Обе комнаты были полны народу. Пили и огневую самокурку и хмелевую пенистую Катькину брагу.
Сеньча Кукорев и Василий Шубников наперерыв угощали понурого человека в рваном зипунишке. Его желто-сизые щеки будто всосало под скулы, а светлые глаза глубоко ушли в темные обострившиеся глазницы. Узкая спина походила на цыплячью, тело было щуплое, будто вовсе без мышц и крови, и невозможно было узнать, сколько ему лет. Человек жадно тянулся к просовому пирогу, но Сеньча со строгим лицом отрезал ему только небольшой кусок.
— Нельзя, брат, никак невозможно. Пожрешь вдосталь сразу, и околеть не диво. Вот винца еще глотни. И для внутренности польза большая.

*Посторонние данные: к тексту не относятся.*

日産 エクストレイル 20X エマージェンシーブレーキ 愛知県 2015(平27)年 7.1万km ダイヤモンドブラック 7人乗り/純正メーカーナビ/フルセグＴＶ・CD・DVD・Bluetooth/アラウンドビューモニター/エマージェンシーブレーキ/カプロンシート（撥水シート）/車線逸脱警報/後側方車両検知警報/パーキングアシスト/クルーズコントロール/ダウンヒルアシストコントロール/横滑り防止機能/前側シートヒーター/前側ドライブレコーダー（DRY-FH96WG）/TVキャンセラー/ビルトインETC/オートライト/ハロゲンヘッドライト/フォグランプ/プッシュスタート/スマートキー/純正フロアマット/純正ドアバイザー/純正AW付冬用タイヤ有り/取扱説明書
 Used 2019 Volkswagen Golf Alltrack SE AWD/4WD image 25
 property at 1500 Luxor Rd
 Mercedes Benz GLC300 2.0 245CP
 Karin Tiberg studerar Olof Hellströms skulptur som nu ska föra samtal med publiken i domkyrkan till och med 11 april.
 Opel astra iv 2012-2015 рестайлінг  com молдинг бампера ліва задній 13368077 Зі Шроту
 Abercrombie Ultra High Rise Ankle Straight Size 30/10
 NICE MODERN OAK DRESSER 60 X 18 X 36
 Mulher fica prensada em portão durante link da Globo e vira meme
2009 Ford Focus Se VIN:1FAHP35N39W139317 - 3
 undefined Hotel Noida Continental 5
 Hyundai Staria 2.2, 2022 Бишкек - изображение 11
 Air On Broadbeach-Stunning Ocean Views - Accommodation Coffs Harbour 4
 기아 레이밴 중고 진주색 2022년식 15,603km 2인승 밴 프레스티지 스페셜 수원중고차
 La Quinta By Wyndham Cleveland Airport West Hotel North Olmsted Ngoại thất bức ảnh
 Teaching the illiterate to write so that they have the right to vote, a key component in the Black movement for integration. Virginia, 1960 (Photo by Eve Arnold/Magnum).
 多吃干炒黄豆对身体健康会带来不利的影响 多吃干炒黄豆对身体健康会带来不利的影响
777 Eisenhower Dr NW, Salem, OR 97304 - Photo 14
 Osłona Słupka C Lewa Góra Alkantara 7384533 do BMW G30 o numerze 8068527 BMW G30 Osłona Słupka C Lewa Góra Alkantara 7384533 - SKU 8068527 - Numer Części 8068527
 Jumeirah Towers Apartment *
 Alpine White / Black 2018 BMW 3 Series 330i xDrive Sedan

Василий Шубников зачем-то подул на чарочку и поднес ее к бескровным губам гостя.
— Пей-ка сь!.. Звать-то тебя как?
— Аким Серяков.
Сеньча спросил, что-то соображая:
— Давно ты из Бобровского-то затона пришел?
Голос у Акима слабый, на краю стола уже не слышно. Говорил он с передышками, полузакрыв глаза.
— Вчерась пришел… Нас двое токмо в живых-то осталось… Все перемерли… А доседова я один дошел… Другой-то — товарищ, значит, мой — до городу дошел, в завод доплелся, да ка-ак грохнется оземь… В гошпиталь его, знамо, потащили.
Аким смахнул волосы со лба и сказал вяло:
— Тамо ему и скончание было. Видно, нутро-то шибко переболело, вот и кончился.
Подсел поближе Марей и еще кое-кто. Марей, оглаживая заскорузлой ладонью широкую жесткую бороду, глянул на Акима хмурыми глазами.
— Выходит, один ты и уцелевши? Все померли?
— Все… померли, да… Два без малого месяца хворь трепала… вот и померли…
И Аким Серяков, согревшись от полной чарки, начал свой рассказ.
Возле него плотно сгрудились внимательно-суровые лица, и многие глаза из-под нахмуренных бровей ловили каждое его слово и каждое движение его тощего тела. Никто не прерывал Акима. Все сурово молчали, только грозные перебежки взглядов вспыхивали, как зарницы.